So, in reality, publishers used the fact that Audible doesn’t allow AI voices to deliberately mislead customers. The narration was good enough for these audiobooks to pass ACX quality control and were then offered at full price on Audible. Instead of passing on the savings by using a synthesized voice, these publishers tried to earn more, at the expense of the customers who would get a sub-par narration, the authors who would see fewer sales on their audiobook (who would likely only be paid at all once a threshold is reached), and the voice actors who lost out on these jobs.
Several narrators and I kept contacting Audible and ACX until we got satisfying answers. Audible removed these books and will hopefully take steps to prepare their quality control team for the advanced AI voices they will have to weed out from now on. The quality control team listens to a sample of every audiobook before it goes up for sale.

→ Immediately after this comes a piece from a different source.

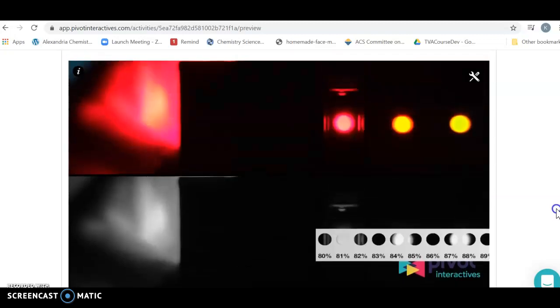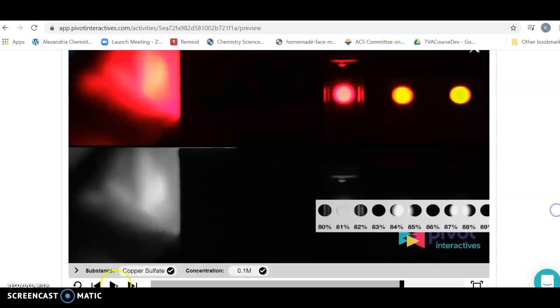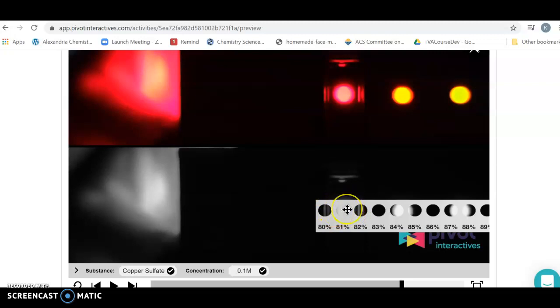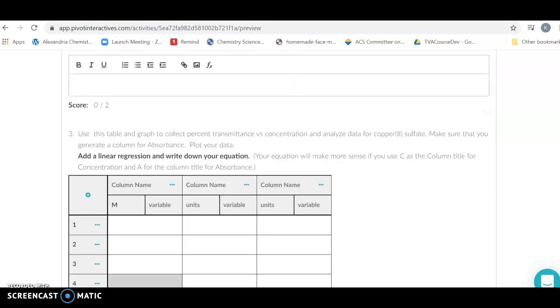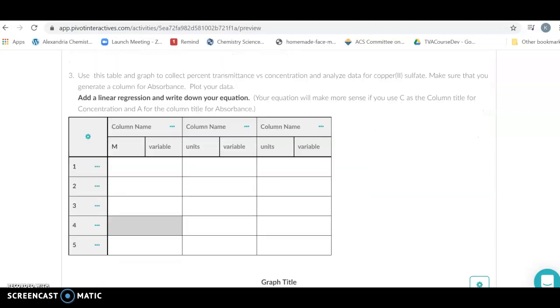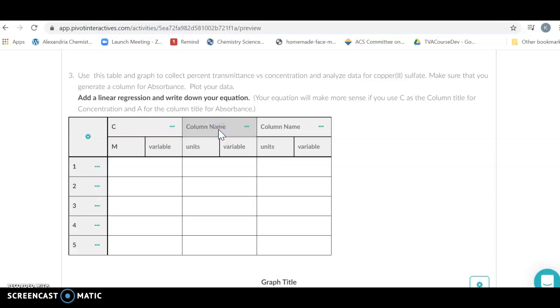I happen to be using the first Beer-Lambert law one, and I'm looking at copper sulfate, measuring the percent transmission as a function of concentration and graphing that. With that in mind, we're going to collect our data.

That means, in general, you can feel pretty safe that Audible won’t sell you an AI-narrated audiobook. But mistakes can happen. AI narration is now so advanced that there will be breathing sounds and different intonations. If you casually listen to a sample, you likely won’t be able to tell that it’s AI. But if you listen to an audiobook that you find oddly bad narrated, it’s not impossible that it’s AI.
The Human Experience
AI voices for audiobooks are comparable to CGI actors in movies. It kind of works, it sometimes works surprisingly well to patch something up. And yet, overall, you want the human experience in art. AI can’t emulate that.
Personally, I would like to see an improved text-to-speech app come out of these AI voice developments. Instead of trying to make more money with audiobooks by cutting out the real voice actors who made audiobooks so popular in the first place, give screenreader users better options! Many books, especially older niche titles, don’t have an audio version. And if we could have that read to us in a reasonably acceptable way, that would be a really cool thing and wouldn’t take anything away from human narrators either.
But replacing human voice actors with AI as a way for publishers to earn more on audiobooks is a bad and shortsighted business strategy. Audiobook listeners care very much about the quality of narration of a book and will not buy (or keep) an audiobook that is not read with that magical spark that only a good voice actor has!
What about you? Would you buy audiobooks with AI voices? Please share your opinion in a comment below!
By the way, if you can’t afford as many audiobooks as you would like, and want to support audiobook narrators and authors, check out these fantastic places to get free audiobook review copies.
Eline Blackman (pronouns: she/they) fell in love with books as a child – with being read to and reading herself. 10 years ago, she bought her first Audible book. It was love at first listen! An average of 250 audiobooks per year has become the new normal and you will rarely see Eline without a wireless earbud. Romance and Fantasy are the go-to genres for this audiobook fan.
Not only might AI voices make more books accessible, they might also be used to make books accessible for those who are hard of hearing. Beautiful reading voices with a lot of dynamics unfortunately are often hard or impossible to understand. Also, we (the hard of hearing) would profit if we could choose a slower and clearer speaker (that works wonders) and if we could choose between different female and male voices. For those who get a cochlear implant, audiobooks are wonderful training material, but finding understandable voices, in particulare when starting rehab is a problem.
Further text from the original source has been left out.